## Task brief:
Reproduce each record verbatim, images excluded.

## Data listing:
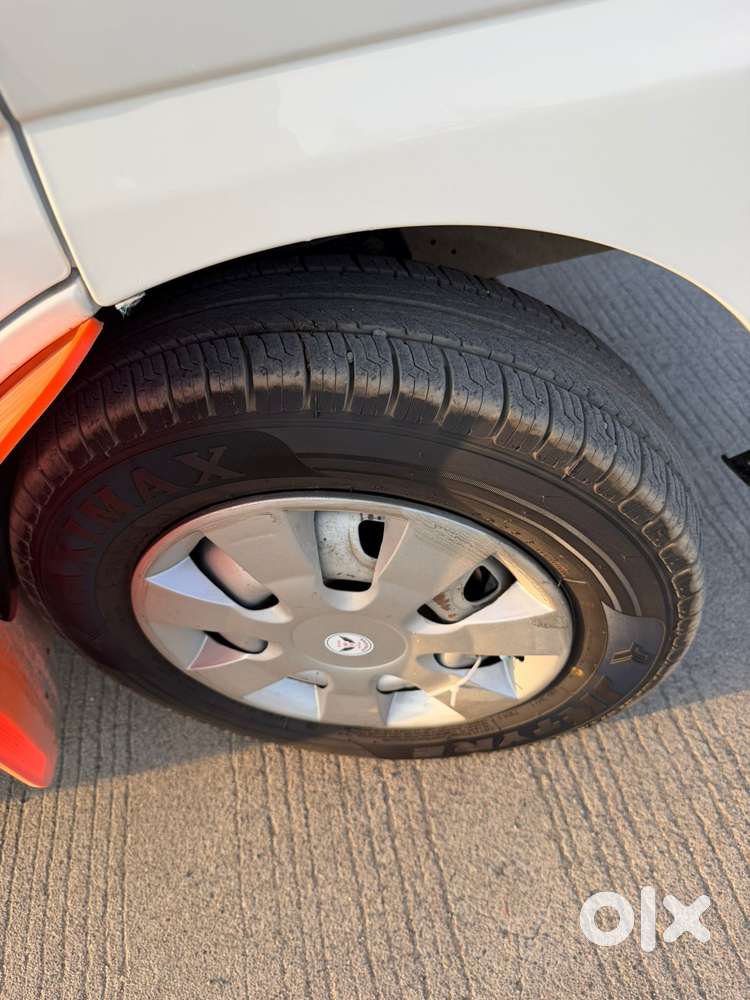 Maruti Suzuki Eeco 5 Str With Ac Plus Htr Cng, 2021, Cng & Hybrids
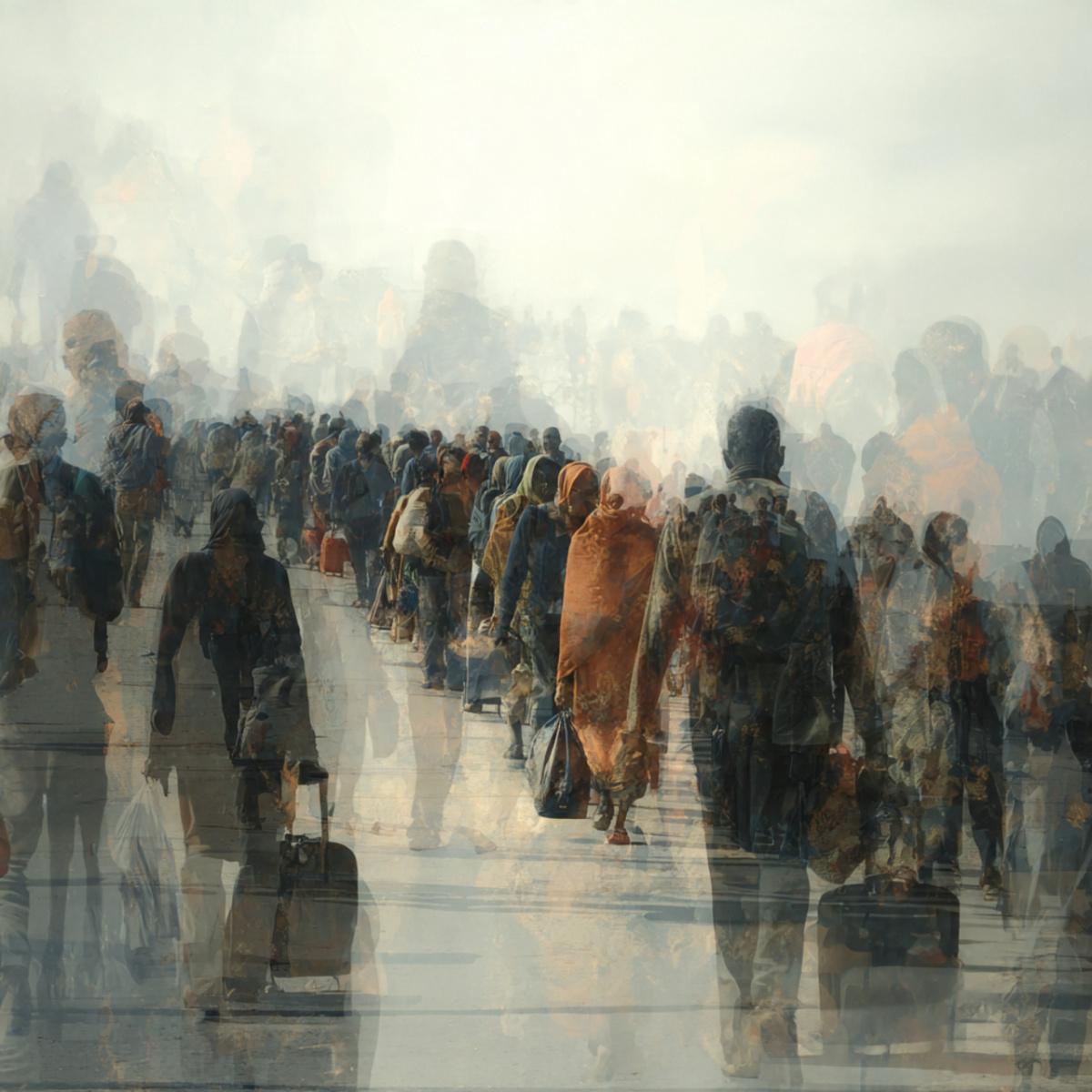 Sustainability, Scarcity, and the Economics of Birthrates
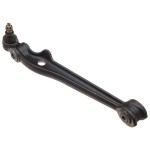 Ön Salıncak - Salincak Sağ E12-24 - Kod 4U-D17465 - OEM 31121108385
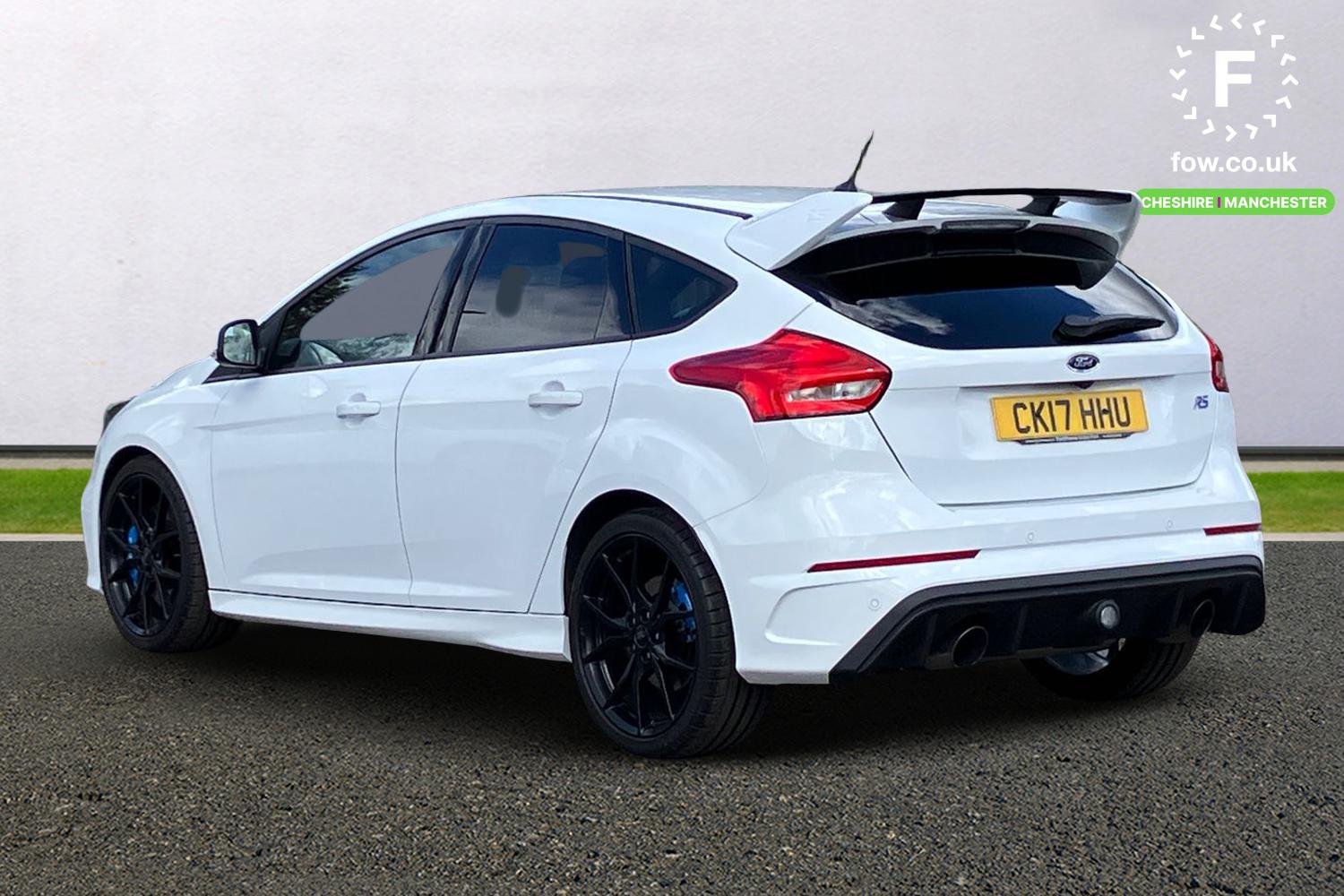 Used Ford Focus 2017 for sale - 76406057: Photo 2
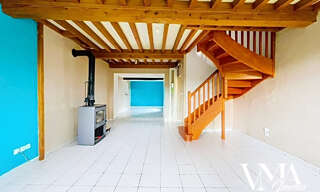 Maison 7 Pièces 165 m² à vendre à Bessenay (69690)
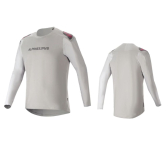 Alpinestars A-Aria Polartec Switch L/S dres - L...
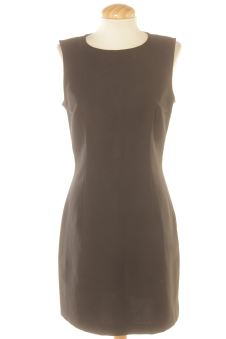 Vestido casual 44 Benetton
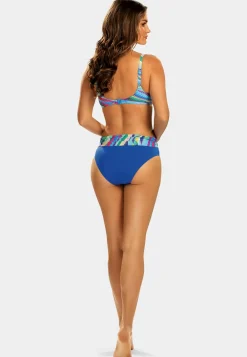 Biustonosz kąpielowy Push-up Luxe Wave FG10/881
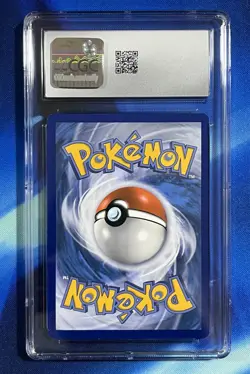 CGC 8.5 Venusaur EX XY123 2016 Black Star Promo Nm Mint Pokemon XY Low Pop 99 - Image 2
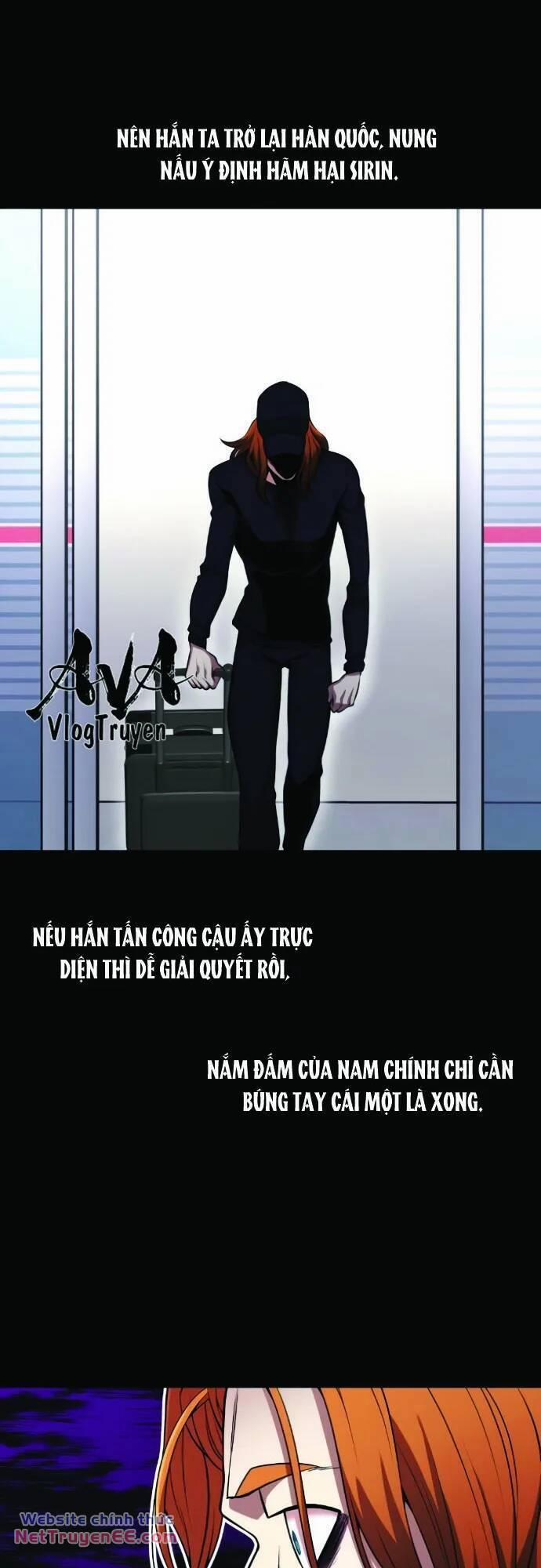 Nhân Vật Webtoon Na Kang Lim 60 trang 39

## Written answer:
 Maruti Suzuki Eeco 5 Str With Ac Plus Htr Cng, 2021, Cng & Hybrids
 Sustainability, Scarcity, and the Economics of Birthrates
 Ön Salıncak - Salincak Sağ E12-24 - Kod 4U-D17465 - OEM 31121108385
 Used Ford Focus 2017 for sale - 76406057: Photo 2
 Maison 7 Pièces 165 m² à vendre à Bessenay (69690)
 Alpinestars A-Aria Polartec Switch L/S dres - L...
 Vestido casual 44 Benetton
 Biustonosz kąpielowy Push-up Luxe Wave FG10/881
 CGC 8.5 Venusaur EX XY123 2016 Black Star Promo Nm Mint Pokemon XY Low Pop 99 - Image 2
 Nhân Vật Webtoon Na Kang Lim 60 trang 39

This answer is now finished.